(Data section begins)

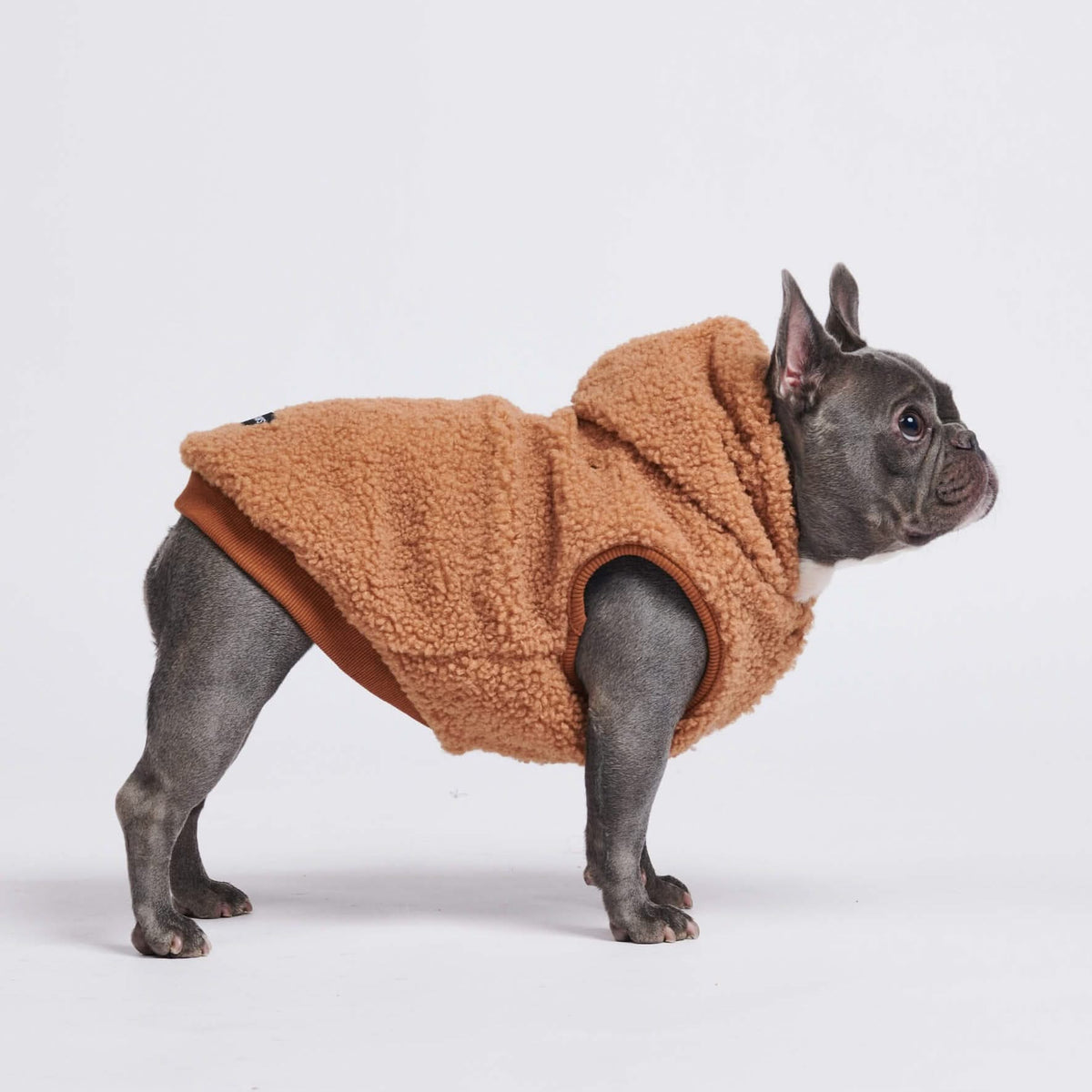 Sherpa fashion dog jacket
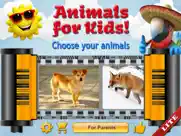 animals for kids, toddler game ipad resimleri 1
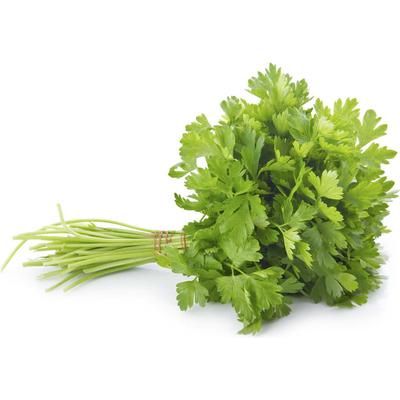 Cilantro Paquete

(Data section ends)
(Data section begins)

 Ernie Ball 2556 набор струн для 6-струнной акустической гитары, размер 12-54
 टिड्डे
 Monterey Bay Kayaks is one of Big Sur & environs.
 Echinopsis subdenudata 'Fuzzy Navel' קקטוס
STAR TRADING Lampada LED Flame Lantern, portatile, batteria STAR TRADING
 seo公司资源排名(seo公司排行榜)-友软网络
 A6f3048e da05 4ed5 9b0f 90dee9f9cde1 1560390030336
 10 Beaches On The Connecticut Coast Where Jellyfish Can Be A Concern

(Data section ends)

● **Required action**: Going back to the entries above, set down exactly the lines that begin at the one with "Ernie Ball 2556" and end at the one with "10 Beaches On", both included, and nothing else.

● **Exercise answer**:
 Ernie Ball 2556 набор струн для 6-струнной акустической гитары, размер 12-54
 टिड्डे
 Monterey Bay Kayaks is one of Big Sur & environs.
 Echinopsis subdenudata 'Fuzzy Navel' קקטוס
STAR TRADING Lampada LED Flame Lantern, portatile, batteria STAR TRADING
 seo公司资源排名(seo公司排行榜)-友软网络
 A6f3048e da05 4ed5 9b0f 90dee9f9cde1 1560390030336
 10 Beaches On The Connecticut Coast Where Jellyfish Can Be A Concern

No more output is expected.